* **Exercise aim**
Please reproduce all entries word for word and omit their pictures.

[Brief descriptive captions]
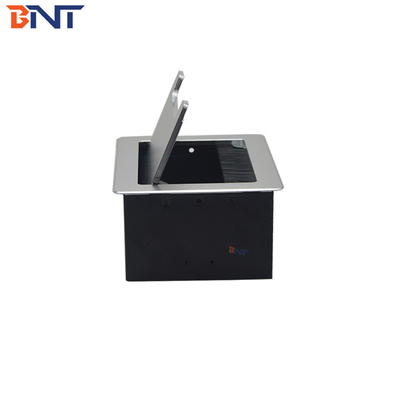 with double EU power desk flip up hidden socket used in conference table  BF405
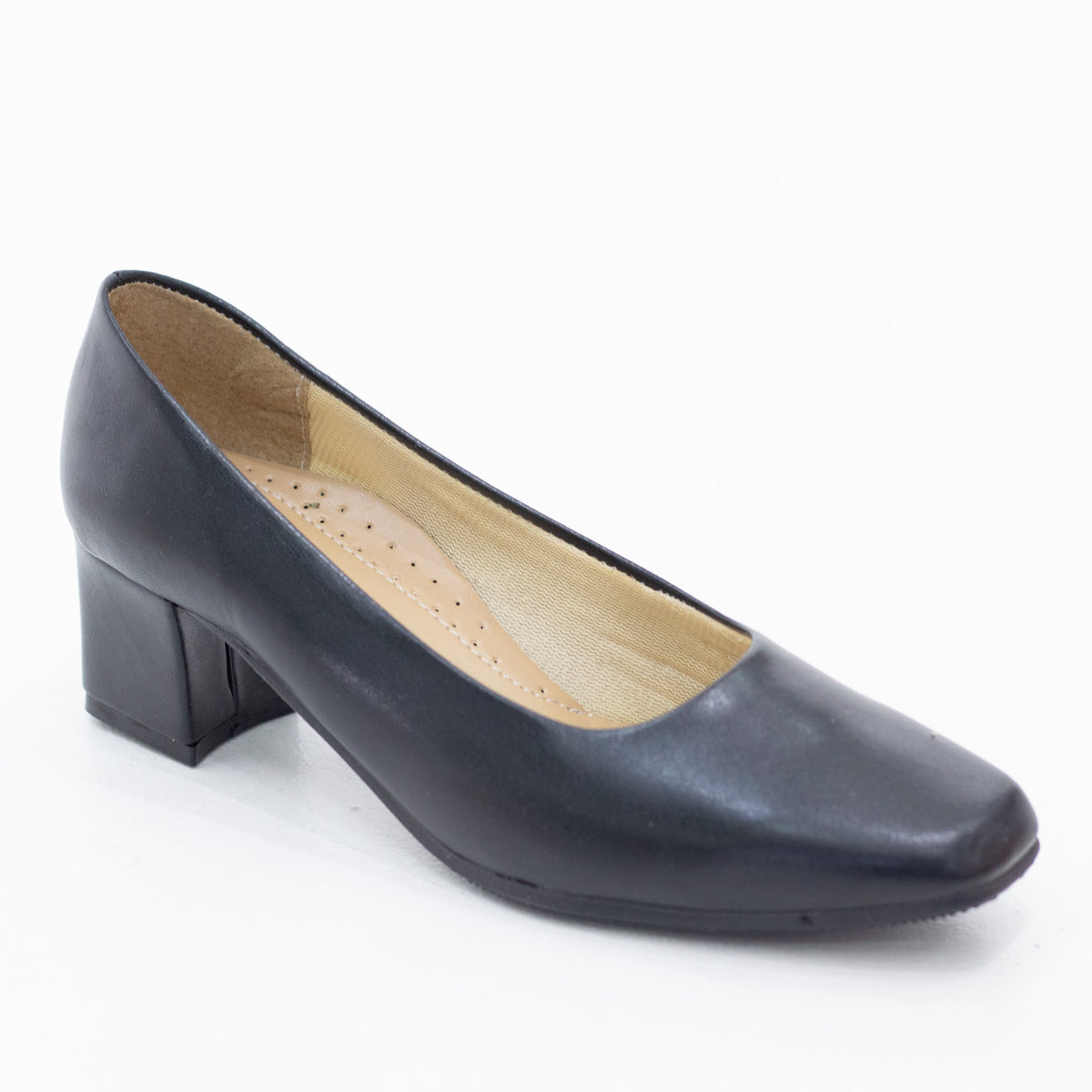 Local basic comfort 5.5cm heel court shoe ideal for school & work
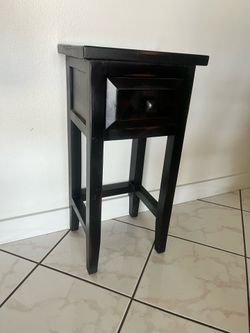 25" Tall side table with drawer 12" wide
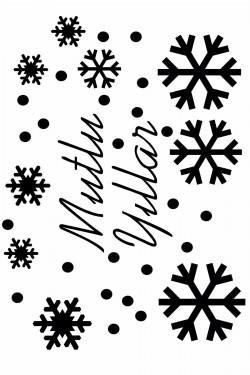 Yılbaşı Temalı Cam Ve Duvar Sticker(etiket) Süsü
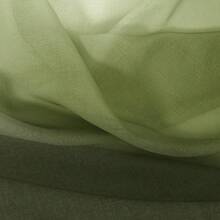 2 tấm rèm voan ombre, kiểu treo khoen, thích hợp cho phòng ngủ, phòng khách, trang trí nhà cửa, trang trí phòng. - màu xanh lá - Xem 3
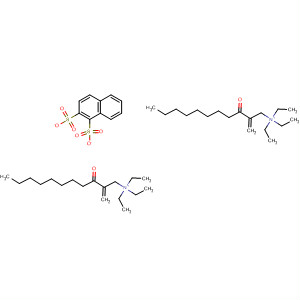 657398-25-9  1-Undecanaminium, N,N,N-triethyl-2-methylene-3-oxo-,2,7-naphthalenedisulfonate (2:1)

* **Output for this exercise**
 with double EU power desk flip up hidden socket used in conference table  BF405
 Local basic comfort 5.5cm heel court shoe ideal for school & work
 25" Tall side table with drawer 12" wide
 Yılbaşı Temalı Cam Ve Duvar Sticker(etiket) Süsü
 2 tấm rèm voan ombre, kiểu treo khoen, thích hợp cho phòng ngủ, phòng khách, trang trí nhà cửa, trang trí phòng. - màu xanh lá - Xem 3
 657398-25-9  1-Undecanaminium, N,N,N-triethyl-2-methylene-3-oxo-,2,7-naphthalenedisulfonate (2:1)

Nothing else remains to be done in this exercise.